Eden was in the big living room curled up in a chair, reading a book she had found among some mail that had come to her father since his death. She had unwrapped it and sat down to find out what it was, when the door opened and Caspar walked in, just as if it were yesterday that he went away.
"Hello, lovely!" he said. "My buddy took an earlier train than he had expected; he went up to New York to get his boat, and so that let me out. I figured perhaps you'd be here anyway, so I came. Think they'll have dinner enough for me, too, or will I have to take you out to a restaurant?" He finished with his well-known grin, and suddenly it did seem only yesterday that he had gone away.
Eden looked up smiling, trying to put a note of cheer into her voice, for surely that was what he, a returned soldier, deserved. He must have seen plenty of hardships and sorrow and horror and was just trying to put it all out of his thoughts, as of course he ought to do if he was to return to living.
"Come in," she said brightly, holding out her hand to greet him. "Of course there'll be enough dinner for you. Did you ever get turned away hungry from this house?"
"No," he responded heartily. "I never did!" And he grasped the hand she held out, possessively. Before she knew what was going on he had drawn her close within his arms and kissed her most thoroughly on either cheek, her eyes, and then her mouth, as if he had all the rights in the world, as if she had been his always. He did not seem to notice that her lips did not respond to his in the kiss. He was the master of the situation and was entirely satisfied with the way he was conducting the scene.

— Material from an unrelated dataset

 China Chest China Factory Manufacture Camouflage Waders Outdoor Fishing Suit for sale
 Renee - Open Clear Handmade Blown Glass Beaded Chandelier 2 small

But Eden gasped and struggled back away from him.
"Caspar! Don't! Please don't!" And she turned her head away from his attempted repetition of the kiss.
"Why, what's the matter, beautiful? Aren't you glad to see me? Don't tell me you don't like to be kissed. Every girl likes that. And I have a reputation for being good at it." His possessive hands reached out to draw her close again, but Eden in quick alarm backed off definitely from him and drew herself to her full height."